No one would suspect that tucked away on a quiet road east of North Branch you could find the headquarters of a global nonprofit with connections to over 80 states and countries.
“Kids for Saving Earth” maintains an active website with the goal of educating, inspiring and empowering children to protect the earth’s environment. The site includes curriculum for teachers, books, music, resources and project ideas.
It also supports over 8,000 KSE clubs around the world filled with children who have learned to initiate projects like “greening up” their schools, taking on re-foresting projects, influencing environmental legislation and participating in Earth Day activities.
And, like many nonprofits, this project had a small beginning in the mind and heart of a young boy from Minnesota – Clinton Hill.
One boy’s dream
In the 1980s, at seven years old, Clinton designed a poster that said, “WE MOST NEED TO UNDERSTAND NATURE.”
He was concerned about how pollution was affecting the earth and its animals and plants. He loved playing in the woods by his home in New Hope, Minnesota, where he and his parents and sister lived.
He was studious and wanted to be a scientist when he grew up.
At 10 years old, he told his parents he wanted to be called a “Defender of the Planet,” helping protect it in peaceful ways, and he even tried to design an invention to help with pollution.
But later that year, he and his family found out he had a cancerous brain tumor. This inspired him even more to be active as a defender, realizing he may also have been affected by pollution.
He began saving money to help the cause and started the first Kids For Saving Earth Club at his elementary school, Sunny Hollow, in New Hope.
He designed the world logo for the project that is still used to this day. His class came on board, and the project began to grow.
Tragically, in 1989 at 11 years old, cancer took his life.
Dream doesn’t die
Yet, the legacy of Clinton Hill, who defended the planet, continued to expand. His parents, William and Tessa, in working through their personal grief process, decided to develop his project as a nonprofit to keep his dream alive: protecting the earth and its inhabitants.
Because of Clinton’s father’s business background, the nonprofit came to life. William made sure everything was put in order.
And with his mother’s teaching background, they were able to design resources for others to use and make them available to teachers and families.

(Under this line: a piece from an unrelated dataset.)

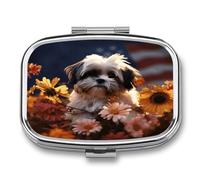 Boîte à médicaments portable à 2 compartiments Shih Tzu - Motif chien et fleurs - Organisateur de médicaments de voyage pour poche et sac à main - Boîte à médicaments portable pour vitamines - Cadeau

Tessa says she had a surge of courage to step into the cause that was so important to her son.
The nonprofit grew rapidly in the early 1990s. There were news stories, and Target funded the project for two and a half years. General Mills also highlighted the cause on their Cheerios boxes.
This was all encouragement to William and Tessa. But soon a second challenge hit the family.
William was also diagnosed with cancer. Tessa and her daughter turned their focus to helping him, but he died in 1994 at the age of 48.
While living through this second journey of grief, Tessa still believed Kids For Saving Earth was to continue on.
“After Willie and Clinton died,” Tessa shared, “it was hard to get up in the mornings, but I had a 10-year-old daughter, and I knew I had to follow Clinton’s dream of a healthy planet. I was worried about her future and all the kids on our planet. Our children deserve an earth that is well-protected, and we all need to work together to provide that for them.”
Dream goes digital
Tessa began to pour her energy into developing a website and even more resources. This made it much easier for groups to participate in earth-saving activities.
With that step, the project went global. There are thousands of resources on the website for educators and families, plus a Green Shop to easily order materials and gifts. Groups can also register online and receive an ongoing calendar with action ideas and other resources.
The office for the nonprofit has been located in North Branch for 18 years, since Tessa married widower Dennis Johnson, owner of Natural Domes Spaces, who had lost his wife to cancer. He has donated both equipment and facility use to Kids For Saving Earth.
With his support, Tessa continues the legacy and dream of her son Clinton, along with the many others who have joined his noble cause.
By volunteering, starting a group or donating to KSE, anyone can become part of the legacy as well.